Washington fired the first salvo on Wednesday when Pompeo warned Jamaica and its Caribbean neighbours to view Chinese investments with suspicion.

Pompeo also suggested that China is a threat to national security in the Latin American and Caribbean region.

China hit back hard late in the evening with its Embassy in Kingston accusing the Donald Trump administration of stirring trouble and picking fights with its trading partners. That statement was a likely reference to the ongoing trade war between Washington and Beijing.

“For some time, it seems that some US politicians cannot go anywhere without attacking China, tarnishing China’s reputation, starting fires and fanning the flames and sowing discord,” said the searing response from the Chinese.

Pompeo’s warning was similar to that issued last November by the United States Ambassador to Jamaica, Donald Tapia, in which he even described China as a “two-headed dragon”.

This time the Chinese were more dismissive of the comments, describing them as groundless.

Pompeo, the top US diplomat, also warned Jamaica and its neighbours against accepting “easy money from places like China”. He was speaking at a policy discussion on US/Caribbean relations at the Jamaica Pegasus Hotel in New Kingston.

“What good is it (investments) if it feeds corruption and undermines your rule of law? What good are those investments if, in fact, they ruin your environment and don't create jobs for your people?” Pompeo asked.

“The Chinese Communist Party does present a particular challenge, and we have made no bones about saying to nations, just make sure that this is a transaction that is on the up and up, that this investment is being made for economic purposes."

But spokesman for the Chinese Embassy in Kingston, Xia Shaowu, said China's co-operation with Latin America and the Caribbean is on the basis of mutual respect, equality and mutual benefit.

“Such co-operation has been open and transparent, in compliance with local laws and market rules, paying high attention to protecting environment and increasing local employment, and has given a strong boost to the economic development and improvement of people's well-being in the region. Indisputable facts have shown that it is opportunity and tangible benefits that China brings to Latin America and the Caribbean, which have been welcomed by them,” Xia said.

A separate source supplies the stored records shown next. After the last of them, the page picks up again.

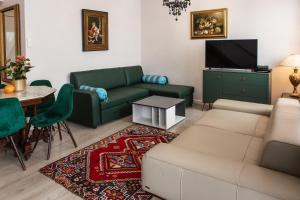 Apartament Panoramiczny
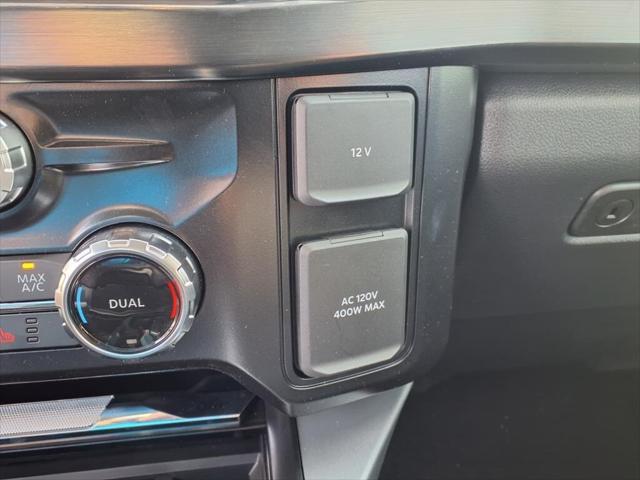 Photo of 2025 Glacier Gray Ford F-250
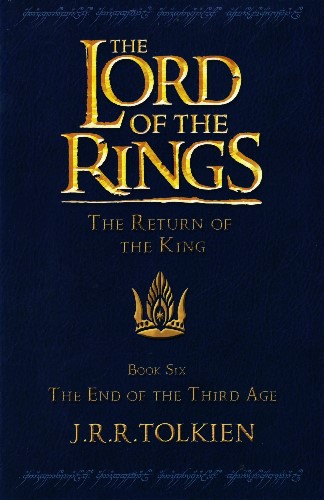 The End of the Third Age. 2012
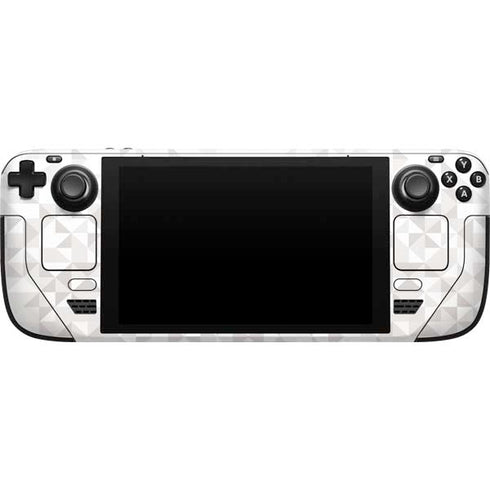 Disney Princess Snow White Chromatic Steam Deck Handheld Gaming Computer Skin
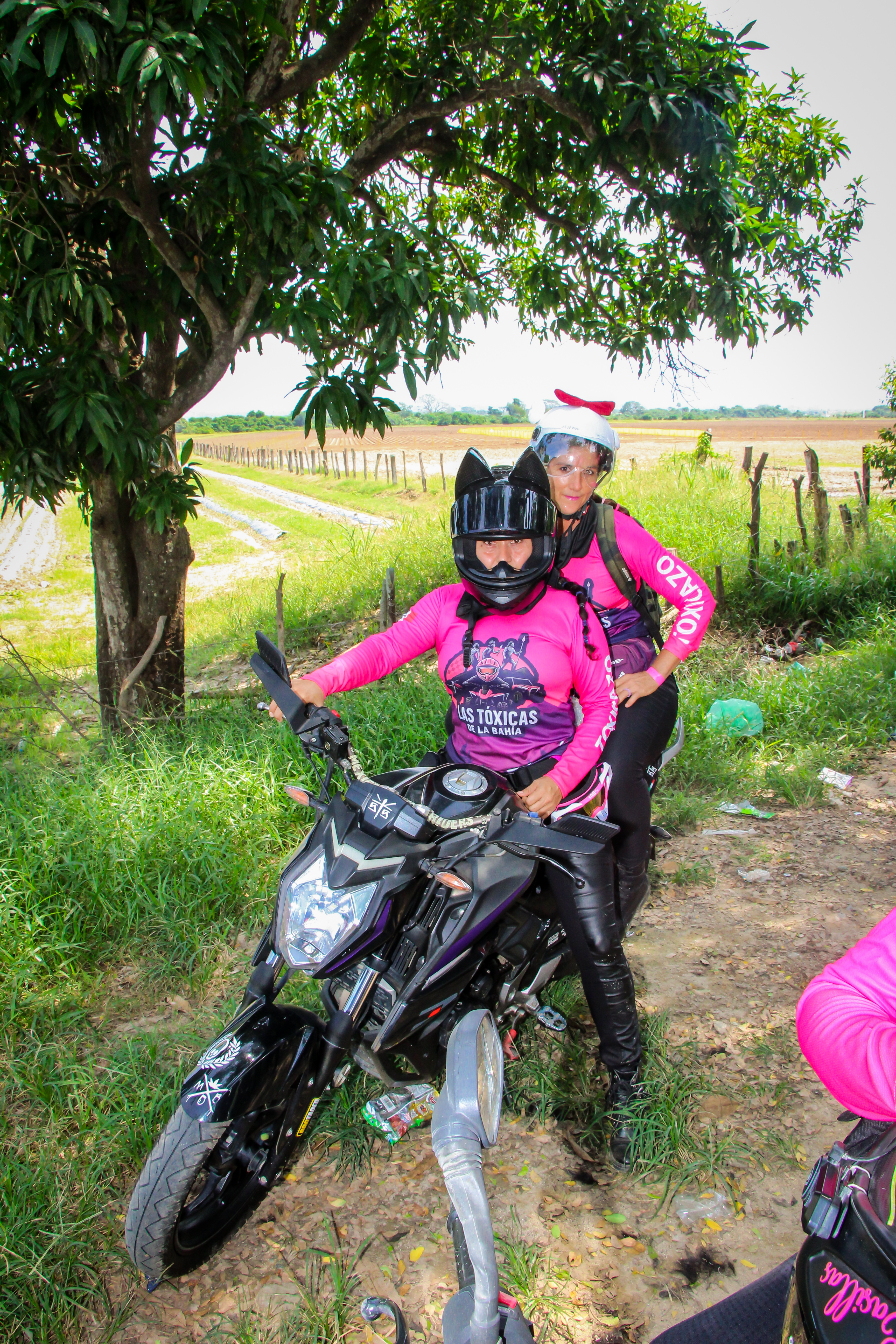 Rutas Rurales 4115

“They can go on talking the talk if they so wish, but we will continue walking the walk. The world will tell plainly who is stirring up trouble and who is trying to make a difference,” Xia added. He argued that Latin American and Caribbean states, as sovereign countries, “have every right to determine their own foreign relations, including choosing their trade and investment partners. Others are in no position to impose interference or coercion out of ulterior motives.”

Meanwhile, Pompeo made clear Washington’s other motive for wanting to forge closer ties with the region at this time; what he described as a common thrust to advance democracy.

“It's clear that this hemisphere is moving towards freedom, more than we have ever seen before, from Brazil to what happened in the past few months in Bolivia, people are demanding democracy and freedom,” he said.

According to Pompeo, this is evident in how the nations of the region have reacted to the Venezuelan crisis, arguing that like the PetroCaribe Agreement, the Nicolás Maduro regime is “fading into the sunset”.

Taking another swipe at the Chinese, he said “Endless discussions and empty promises won't protect our security, our economies and our freedom”.

About his visit to the region, he said: “It's not about America forcing this relationship or these countries forcing a relationship on America; it fits, it works and it's important.”